Decelerated cell growth and entry into the stationary phase with reduced energy demand

Depleted glucose concentration, driving cells to utilize alternative carbon sources

Elevated ambient lactate concentration, which acts as a metabolic signal and alternative substrate

Mechanisms of Lactate Consumption

Cells reuse lactate through two primary pathways:

TCA Cycle Oxidation: Lactate is oxidized back to pyruvate, which subsequently enters the mitochondrial tricarboxylic acid cycle to generate large quantities of ATP.

Gluconeogenesis: Under specific metabolic conditions, lactate acts as a precursor for de novo glucose synthesis and amino acid biosynthesis.

Advantages of Lactate Metabolic Shift

Stabilized pH homeostasis, alleviating the load of pH regulation

Prolonged cell viability by reducing lactate cytotoxicity and maintaining a robust cellular stationary phase, extending the production duration

Improved production efficiency and nutrient utilization, redirecting carbon flux toward target protein synthesis rather than wasteful lactate generation

Regulation and Management Strategies for Lactate Metabolism

Process developers adopt multi-dimensional strategies to minimize lactate accumulation and facilitate late-stage lactate consumption:

Culture Medium Optimization

Controlled Glucose Feeding: Adopt perfusion culture or dynamic fed-batch strategies to maintain low but non-limiting glucose levels (approximately 2–4 mM), preventing overflow metabolism and massive lactate overproduction triggered by excessive glucose.

Alternative Carbon Sources: Supplement the medium with glutamine, glutamate and other amino acids as auxiliary energy substrates to reduce glucose dependency.

Process Parameter Control

pH Regulation: Optimize the pH setpoint (typically around 7.0); a moderately elevated pH facilitates lactate catabolism.

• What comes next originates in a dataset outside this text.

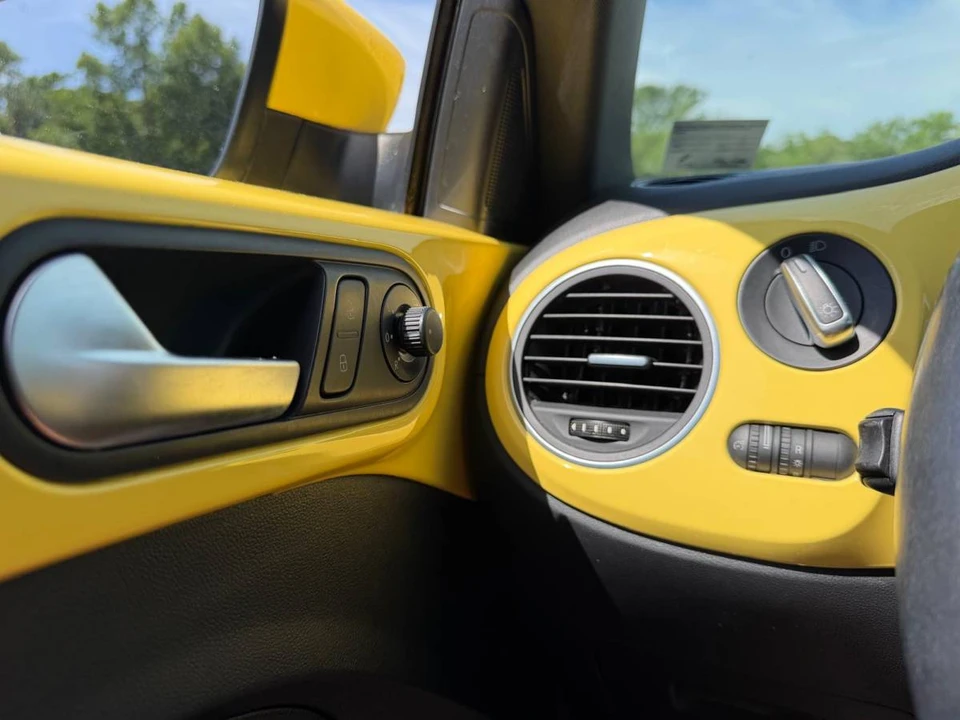 2013 Volkswagen A5 Beetle - Image 7 of 24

Dissolved Oxygen (DO) Control: Maintain optimal DO levels to avoid hypoxic anaerobic metabolism and hyperoxia-induced oxidative stress.

Cell Line Metabolic Engineering

Genetic modification of CHO cell lines is widely applied to reshape metabolic phenotypes:

Downregulate the expression or activity of LDH to inhibit lactate biosynthesis at the source.

Modulate lactate transporter expression to regulate intracellular lactate trafficking and mitigate cytoplasmic acidosis.

Enhance mitochondrial function to promote pyruvate flux into aerobic oxidation pathways instead of lactate conversion.

Such engineering generates low-lactate cell lines with stable metabolic shift phenotypes and overall improved culture performance.

Conclusion

Lactate metabolism is a critical biomarker reflecting the physiological status of CHO cells. Understanding and fine-tuning lactate metabolism is essential for establishing high-density, long-duration and high-efficiency cell culture processes, which underpin large-scale biopharmaceutical manufacturing.

Advanced Process Analytical Technology (PAT) and Metabolic Flux Analysis (MFA) are increasingly implemented for real-time monitoring and precise optimization of lactate dynamics.

Maintaining pH within the optimal range directs cellular metabolism toward high-efficiency and low-waste operation, enhances nutrient utilization efficiency, and reduces the accumulation of inhibitory by-products such as lactate and ammonium.